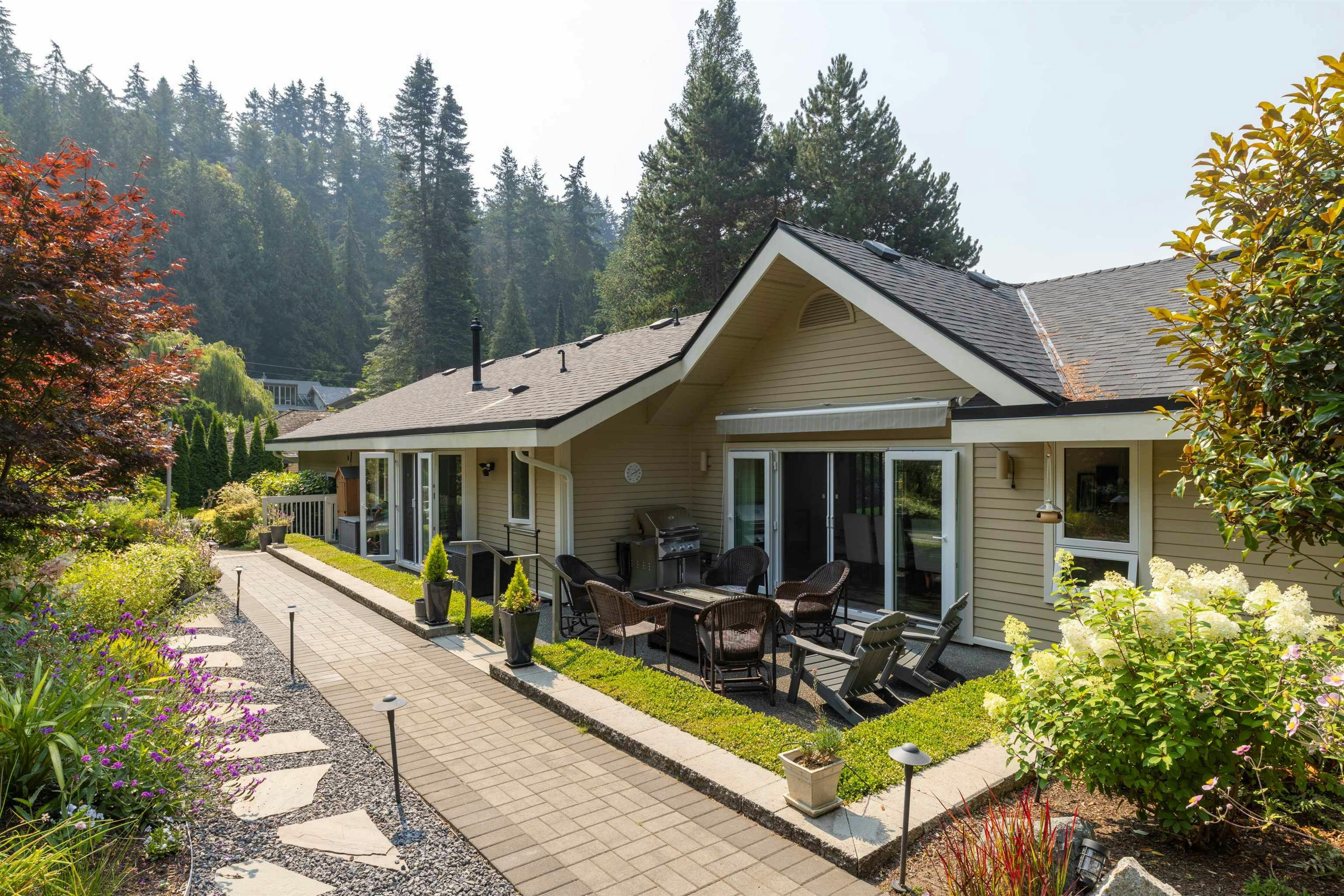 6955 Odlum Court, West Vancouver, BC, V7W 3B6 - 26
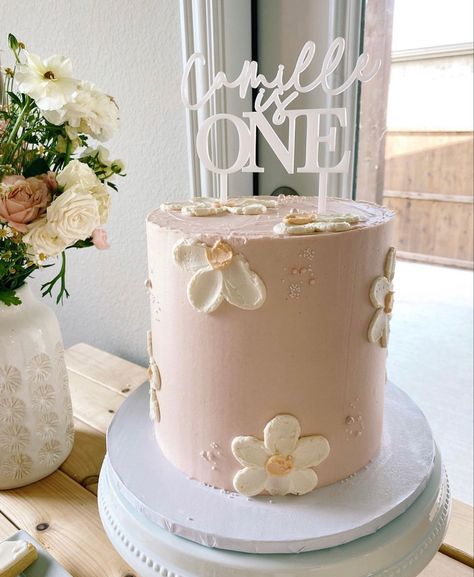 Floral One Year Old Birthday Cake, First Birthday Cake Floral, Flowers One Year Old Birthday, First Birthday Flower Cake, Elegant 1st Birthday Cake, Daisy First Birthday Cake, Daisy Smash Cake, Daisy Themed Cake, Daisy Cake Birthday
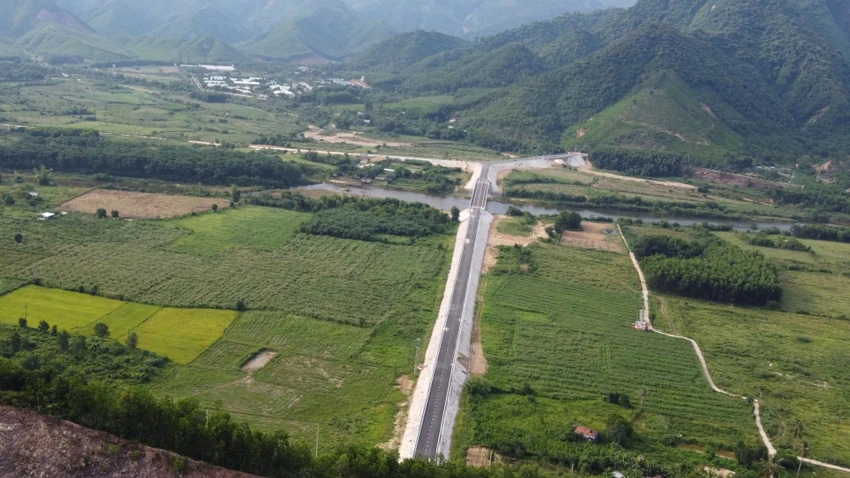 song-cu-de-da-nang-2.jpg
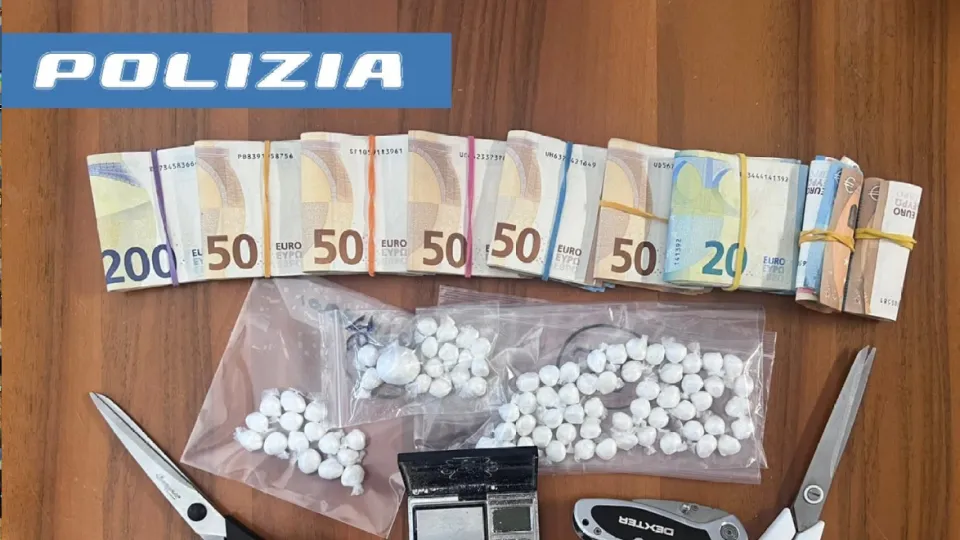 il materiale sequestrato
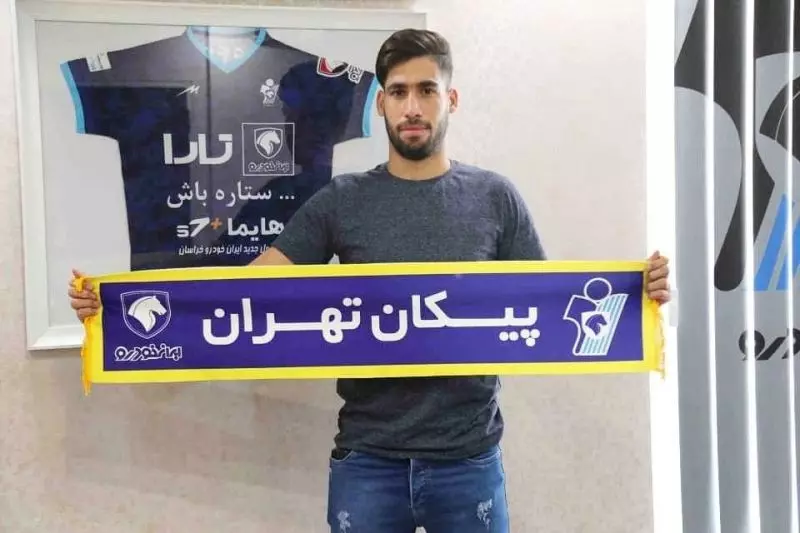 نادر محمدی قراردادش را با تیم پیکان تمدید کرد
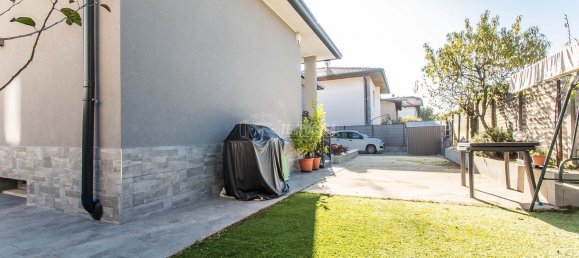 Villa de 3 divisões em Olgiate Olona, Italy N.º 211172 49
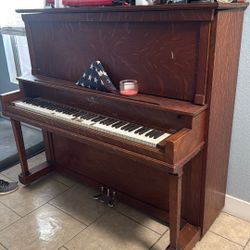 PIANO UPRIGHT 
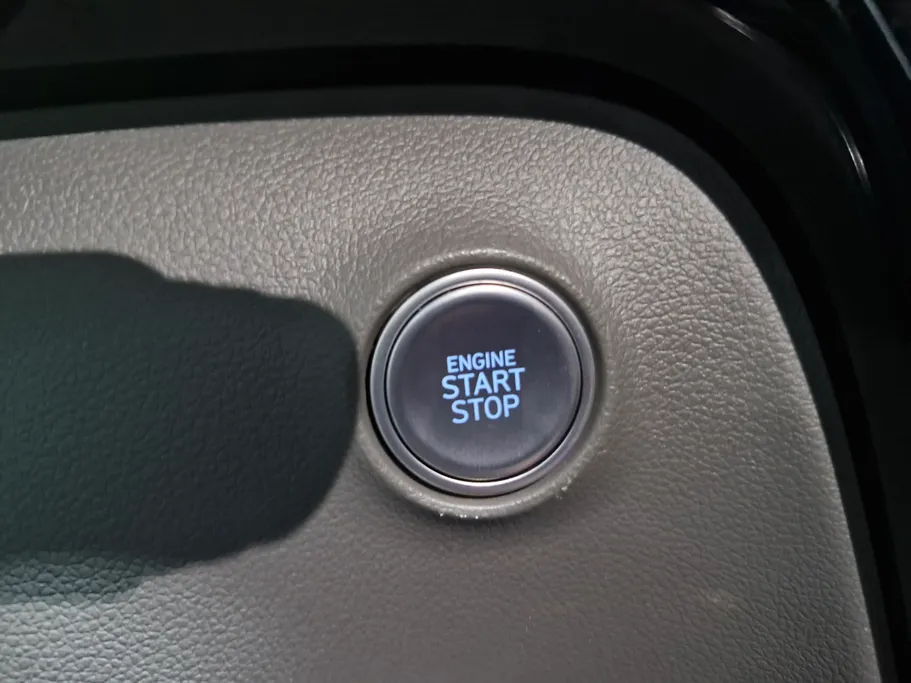 2025 Hyundai Staria VIP 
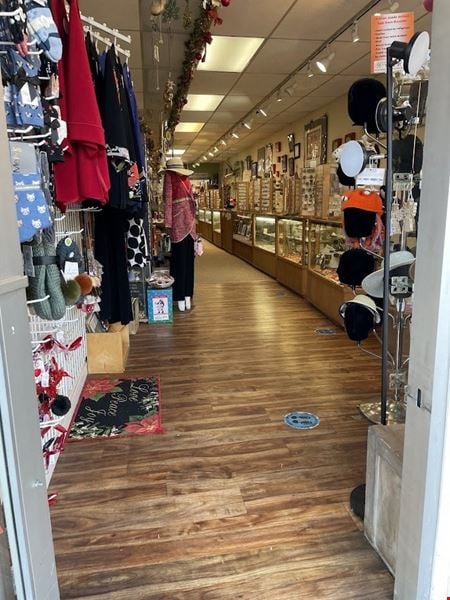 Retail space for Rent at 6123 La Salle Ave in Oakland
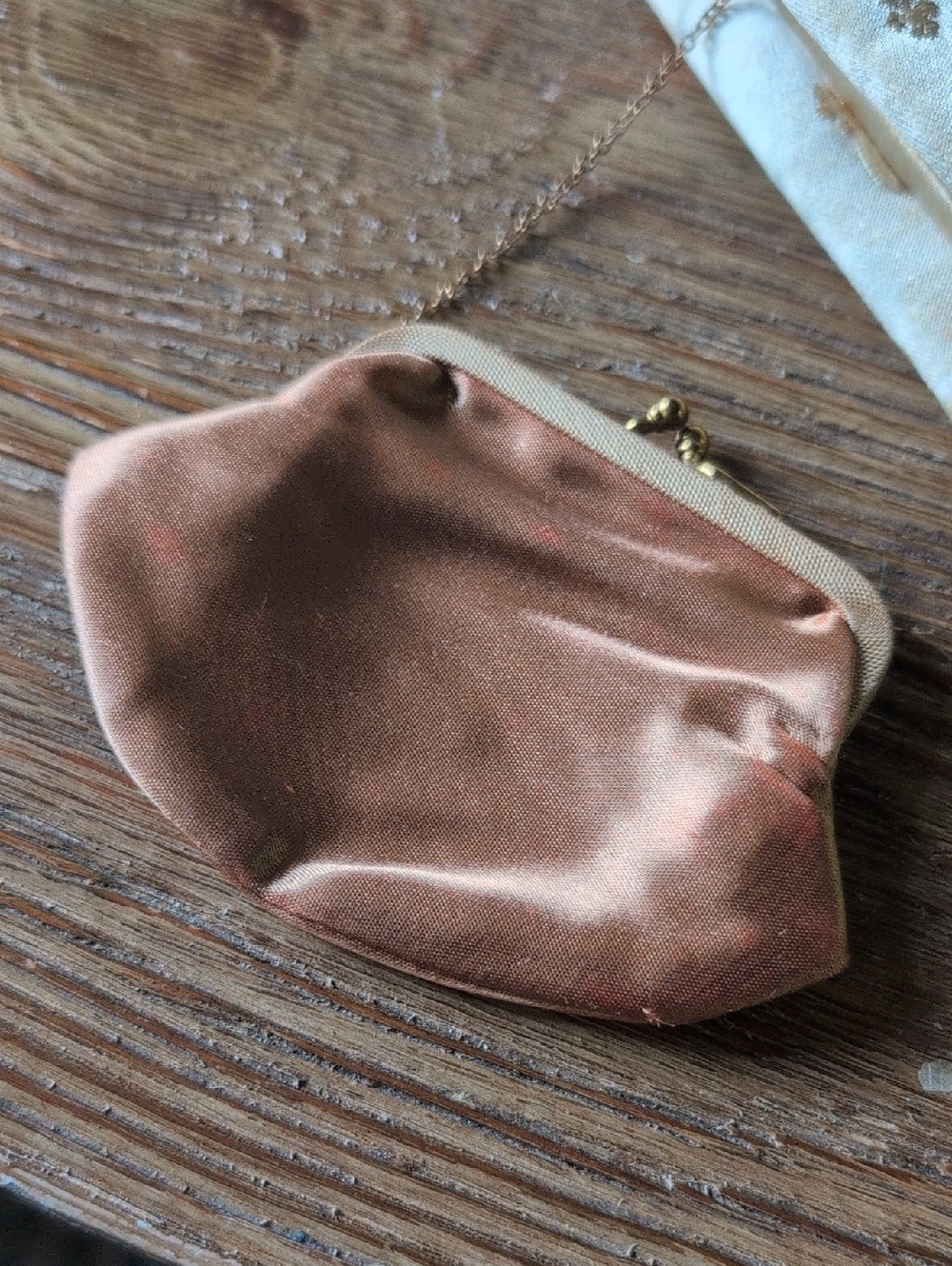 Elegant Embroidered Gold Satin Evening Clutch with Gold Chain & Coin Purse - Picture 3 of 14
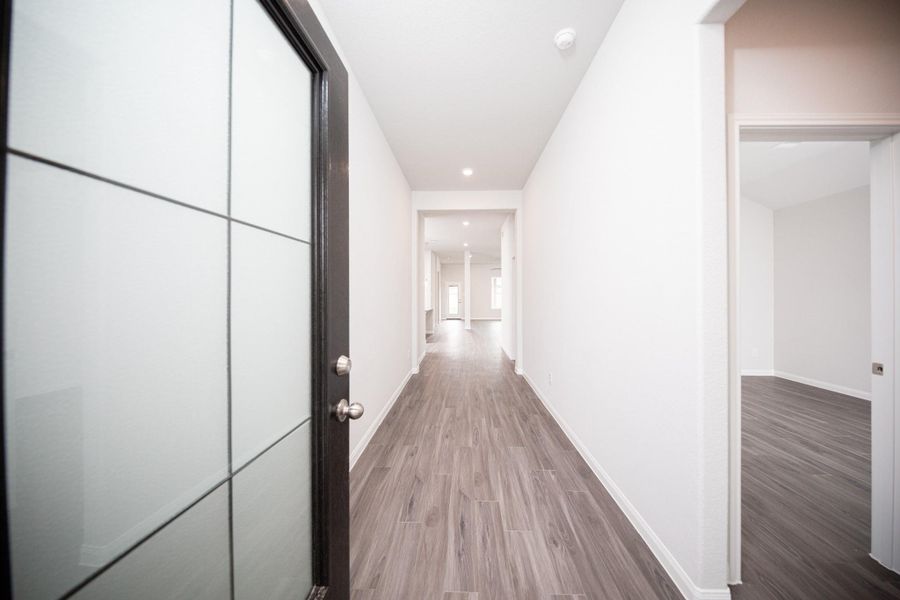 Photos are a representation of the floor plan. Options and interior selections will vary. Photos are a representation of the floor plan. Options and interior selections will vary.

• • • • •

_Problem details_.
Only the lines from the beginning of the listing through the line with "Floral One Year", both ends included, are to be repeated exactly; pictures stay out.

_Answer space_.
 6955 Odlum Court, West Vancouver, BC, V7W 3B6 - 26
 Floral One Year Old Birthday Cake, First Birthday Cake Floral, Flowers One Year Old Birthday, First Birthday Flower Cake, Elegant 1st Birthday Cake, Daisy First Birthday Cake, Daisy Smash Cake, Daisy Themed Cake, Daisy Cake Birthday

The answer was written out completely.